[DATA FOR THE TASK Boundary: Start]
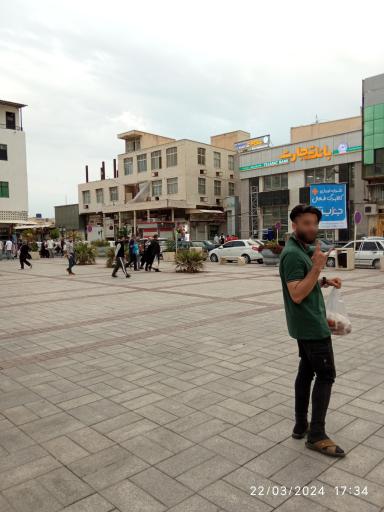 عکس میدان انقلاب (ششم بهمن سابق)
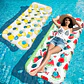 COLCHÓN/FLOTADOR INFLABLE DISEÑO FRUTAS MOD# 992458 🍉 🍋 - Miniatura 7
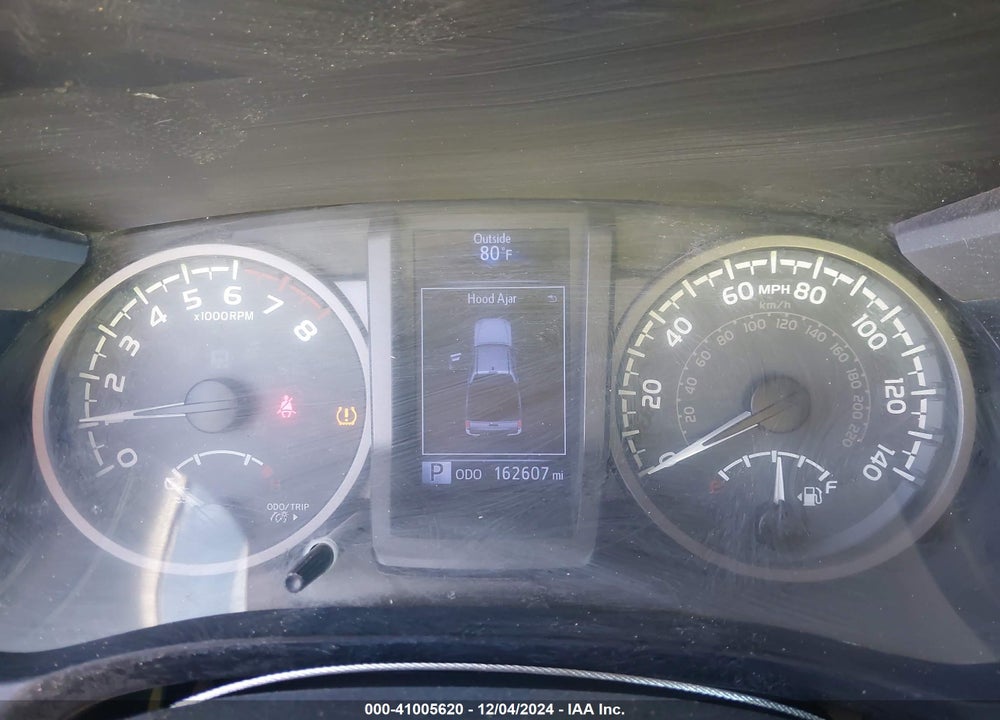 2017 TOYOTA TACOMA TRD OFF ROAD VIN: 5TFCZ5AN6HX100195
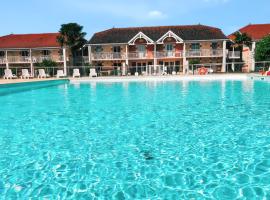 Appartement de 2 chambres avec piscine partagee jardin clos et wifi a Le Verdon sur Mer a 1 km de la plage, hotel in Le Verdon-sur-Mer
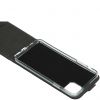 Accezz Flipcase iPhone 11 Pro Max - Zwart / Schwarz / Black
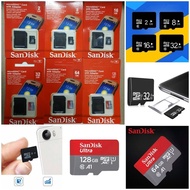Sandisk MicroSDHC 2GB 8GB 16GB 32GB 64GB 128GB MicroSD Memory Card with Adaptor Class A Micro SD Car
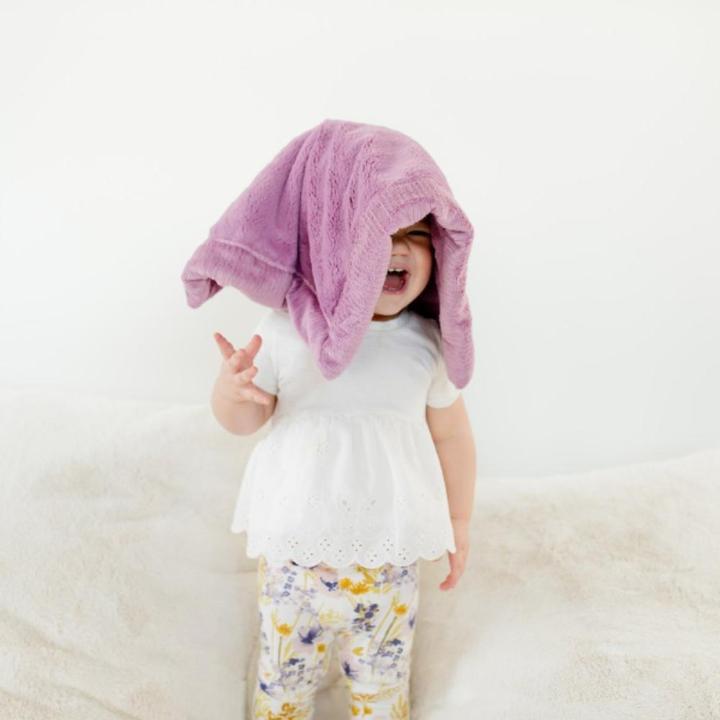 Saranoni Lush Mini Blanket: Fairy Wings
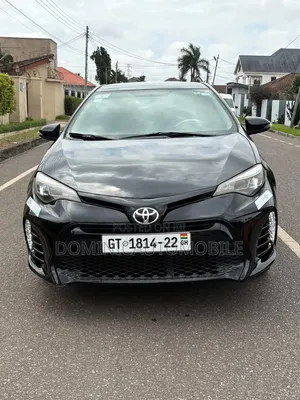 Toyota Corolla S 4dr Sedan (1.8L 4cyl CVT) 2016 Black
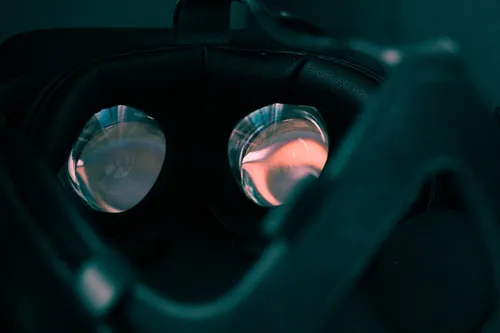 VRヘッドセット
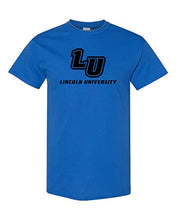 Load image into Gallery viewer, Lincoln 1 Color LU T-Shirt - Royal
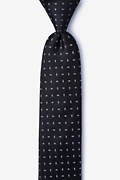 Trinity Gray Skinny Tie Photo (0)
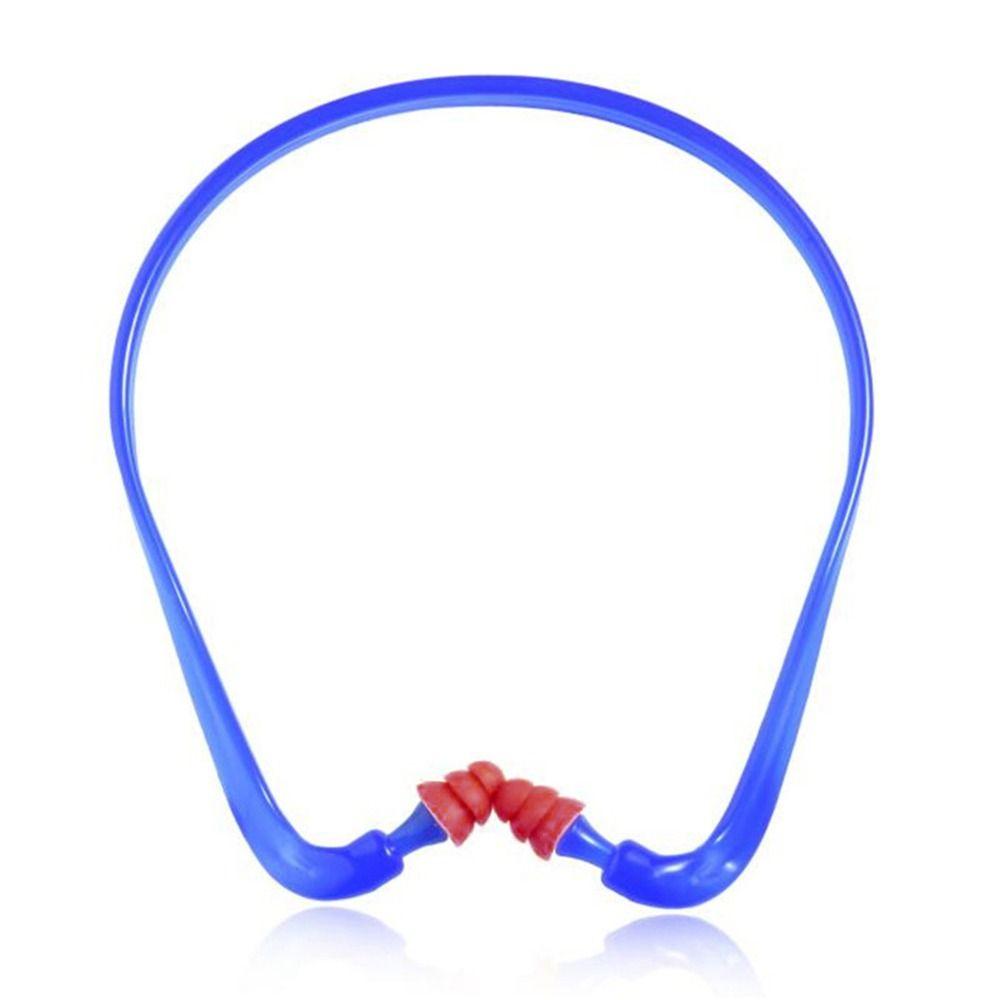 

Противошумные наушники с синей рамкой, шумоподавляющие беруши из ТПЭ, инструмент, беруши на голову, унисекс red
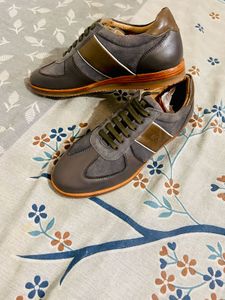McCoy Men&#39;s Grey Casual Sneakers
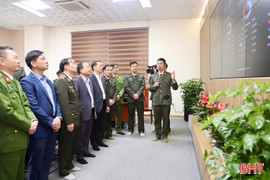 Ra mắt Trung tâm Điều hành an ninh mạng tỉnh Hà Tĩnh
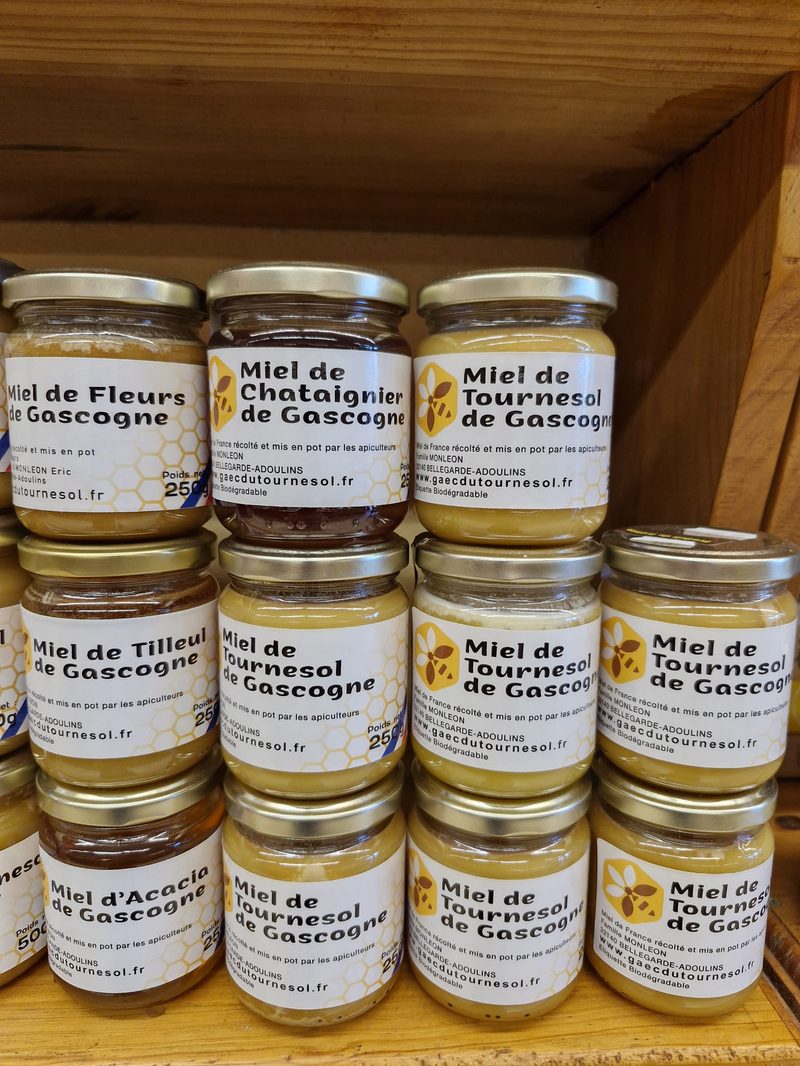 Miel de Tournesol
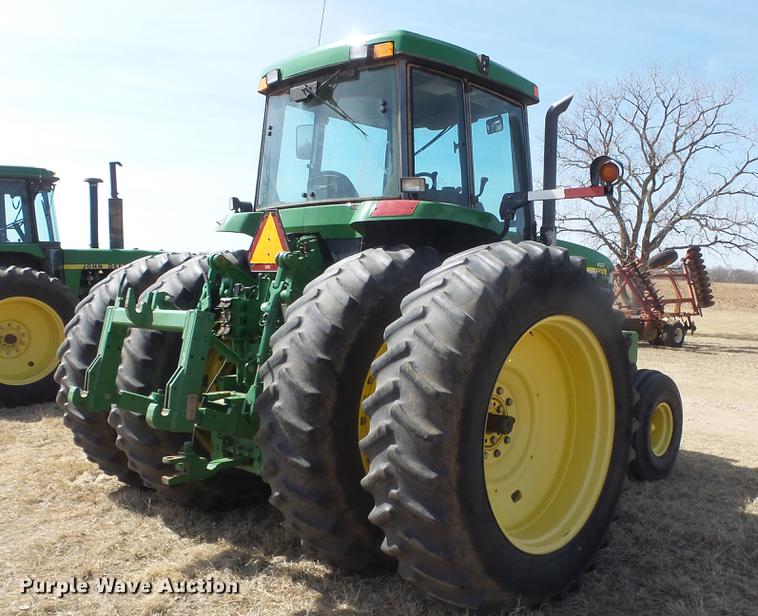 image for item DC2317 1999 John Deere 7810 tractor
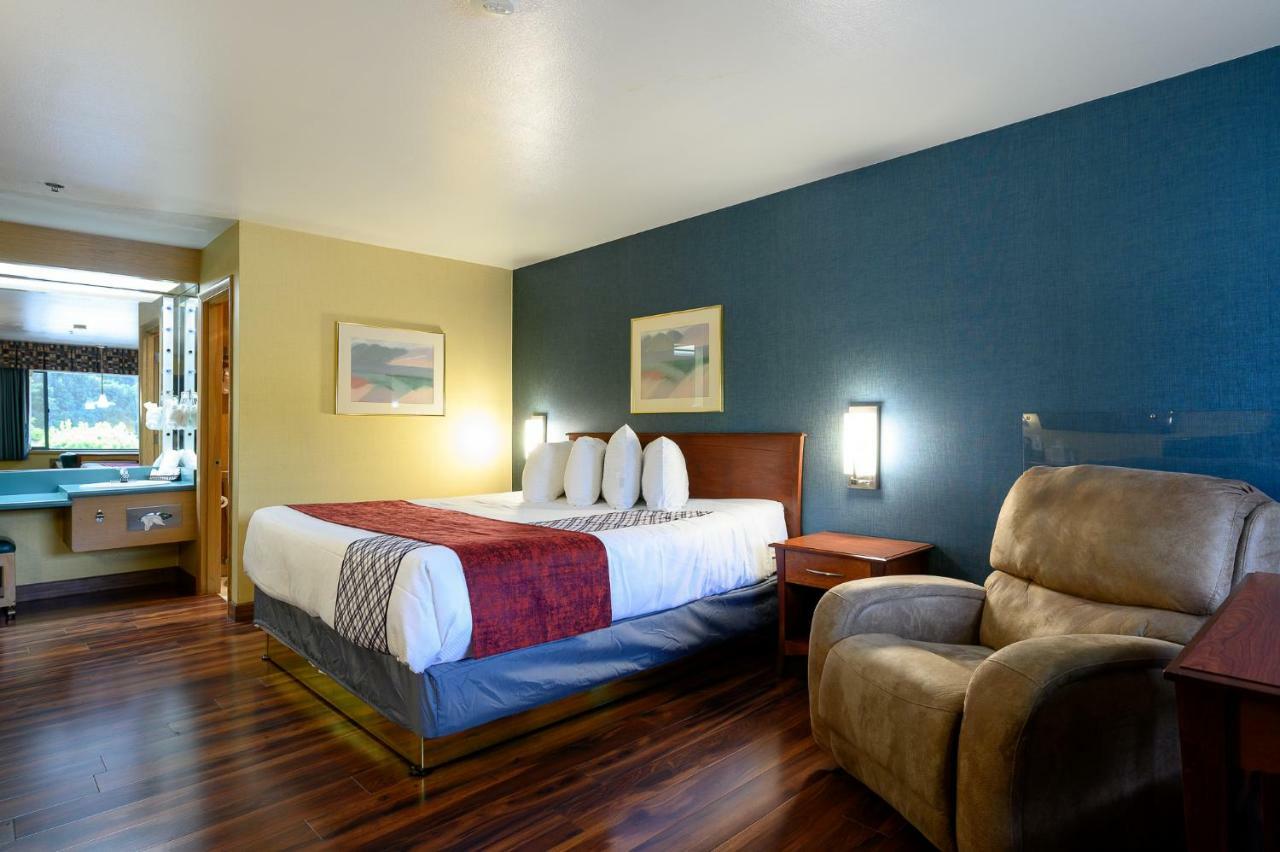 Americas Best Value Inn Phoenix Medford Extérieur photo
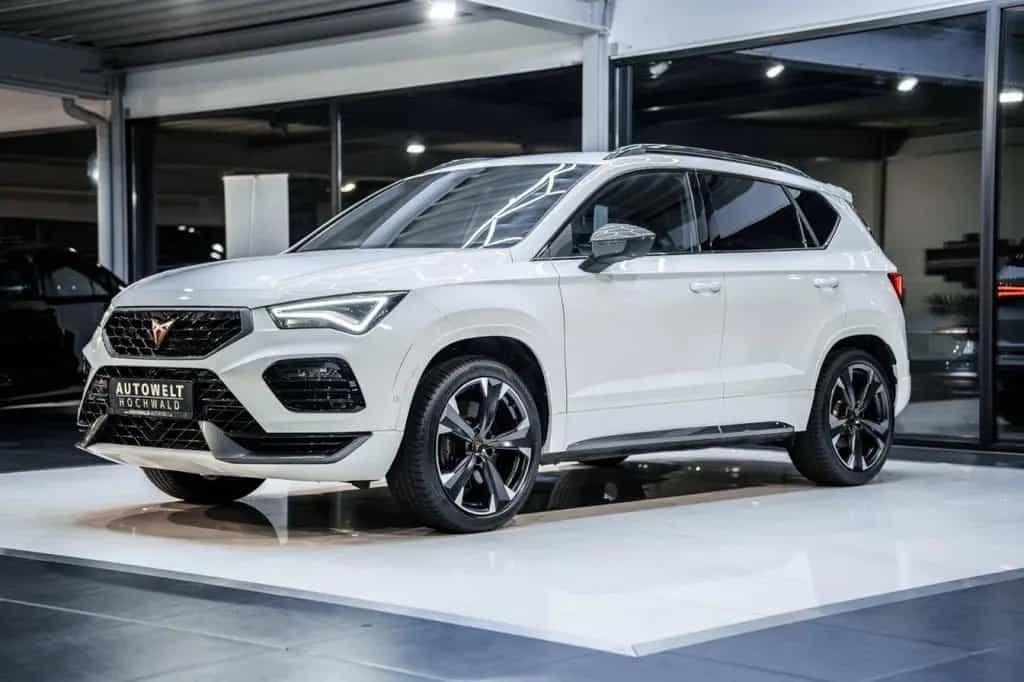 Cupra Ateca VZ 2.0 TSI DSG 4Drive 360 NAVI LED RFK SHZ 07/2023-photo-3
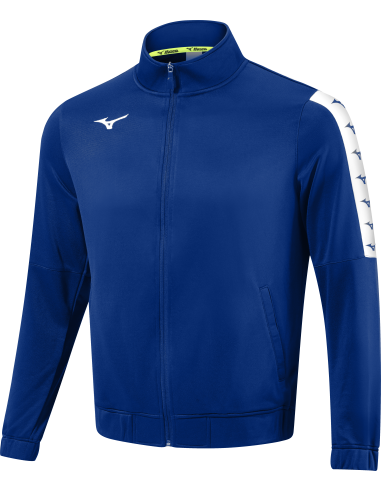 Mizuno Nara Track Jacket - Bleu Royal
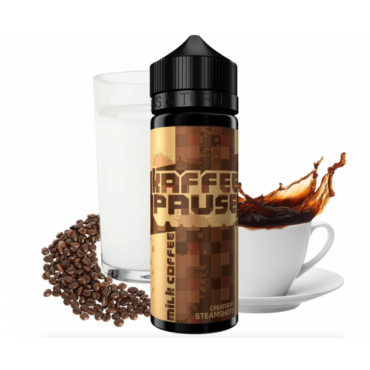 Steamshots Milk Coffee KAFFEEPAUSE Aroma 10 ml / 120 ml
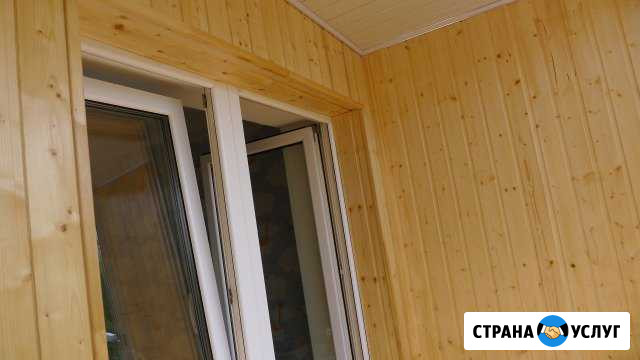Балконы деревянной вагонкой Пушкино - изображение 1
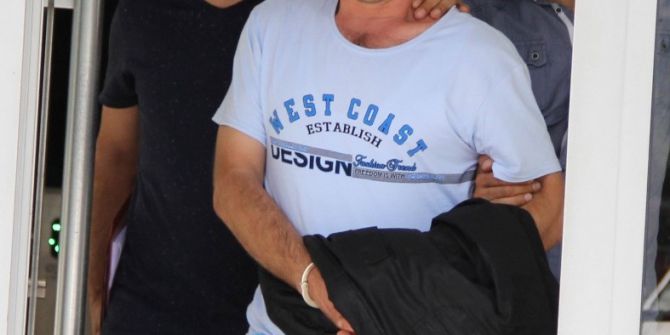 İstanbul’dan Bonzai Getiren Şahsa Adli Kontrol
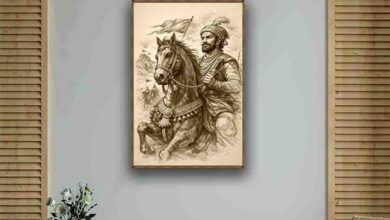 Chhatrapati Shivaji Maharaj Painting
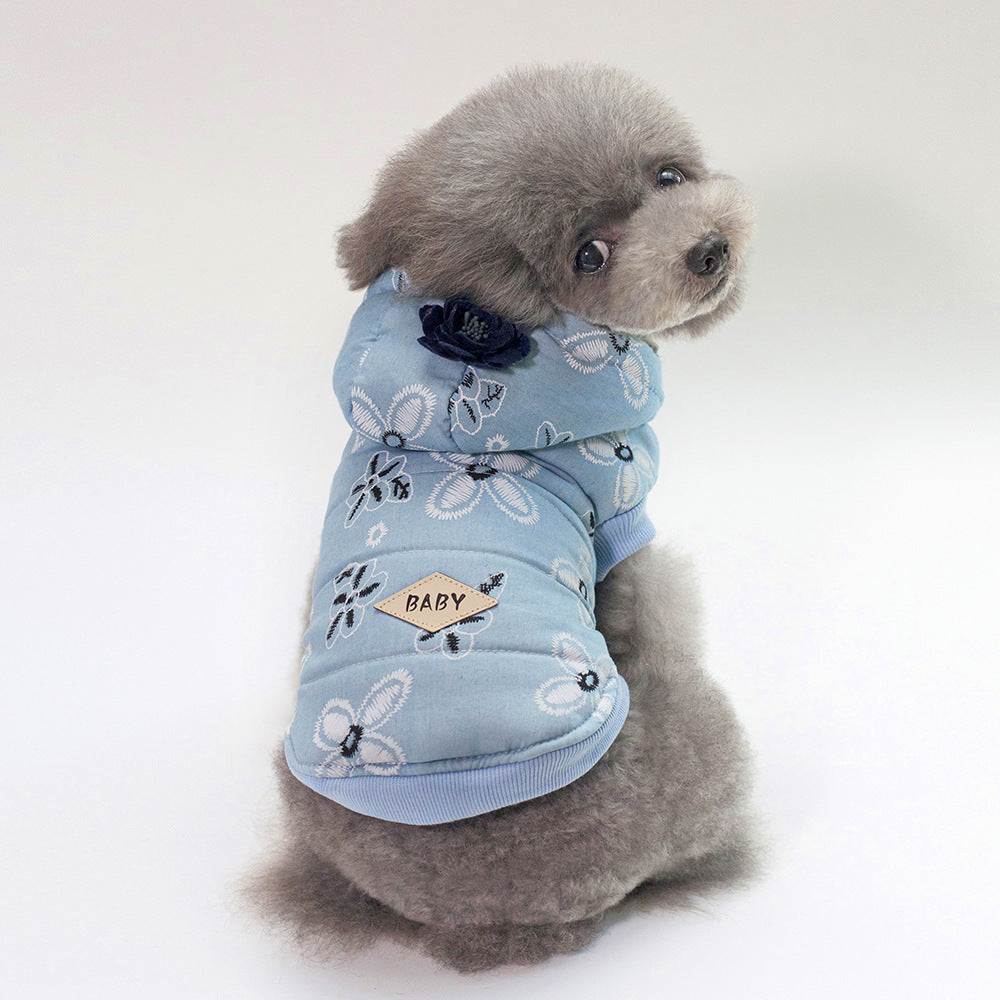 Pet denim jacket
[DATA FOR THE TASK Boundary: End]
» EXERCISE: Please transcribe each line above exactly, but leave the images out.

» COMPLETED TASK:
 عکس میدان انقلاب (ششم بهمن سابق)
 COLCHÓN/FLOTADOR INFLABLE DISEÑO FRUTAS MOD# 992458 🍉 🍋 - Miniatura 7
 2017 TOYOTA TACOMA TRD OFF ROAD VIN: 5TFCZ5AN6HX100195
 Appartement de 2 chambres avec piscine partagee jardin clos et wifi a Le Verdon sur Mer a 1 km de la plage, hotel in Le Verdon-sur-Mer
 Accezz Flipcase iPhone 11 Pro Max - Zwart / Schwarz / Black
Sandisk MicroSDHC 2GB 8GB 16GB 32GB 64GB 128GB MicroSD Memory Card with Adaptor Class A Micro SD Car
 Saranoni Lush Mini Blanket: Fairy Wings
 Toyota Corolla S 4dr Sedan (1.8L 4cyl CVT) 2016 Black
 VRヘッドセット
 Load image into Gallery viewer, Lincoln 1 Color LU T-Shirt - Royal
 Trinity Gray Skinny Tie Photo (0)

Противошумные наушники с синей рамкой, шумоподавляющие беруши из ТПЭ, инструмент, беруши на голову, унисекс red
McCoy Men&#39;s Grey Casual Sneakers
 Ra mắt Trung tâm Điều hành an ninh mạng tỉnh Hà Tĩnh
 Miel de Tournesol
 image for item DC2317 1999 John Deere 7810 tractor
 Americas Best Value Inn Phoenix Medford Extérieur photo
 Cupra Ateca VZ 2.0 TSI DSG 4Drive 360 NAVI LED RFK SHZ 07/2023-photo-3
 Mizuno Nara Track Jacket - Bleu Royal
 Steamshots Milk Coffee KAFFEEPAUSE Aroma 10 ml / 120 ml
Балконы деревянной вагонкой Пушкино - изображение 1
 İstanbul’dan Bonzai Getiren Şahsa Adli Kontrol
 Chhatrapati Shivaji Maharaj Painting
 Pet denim jacket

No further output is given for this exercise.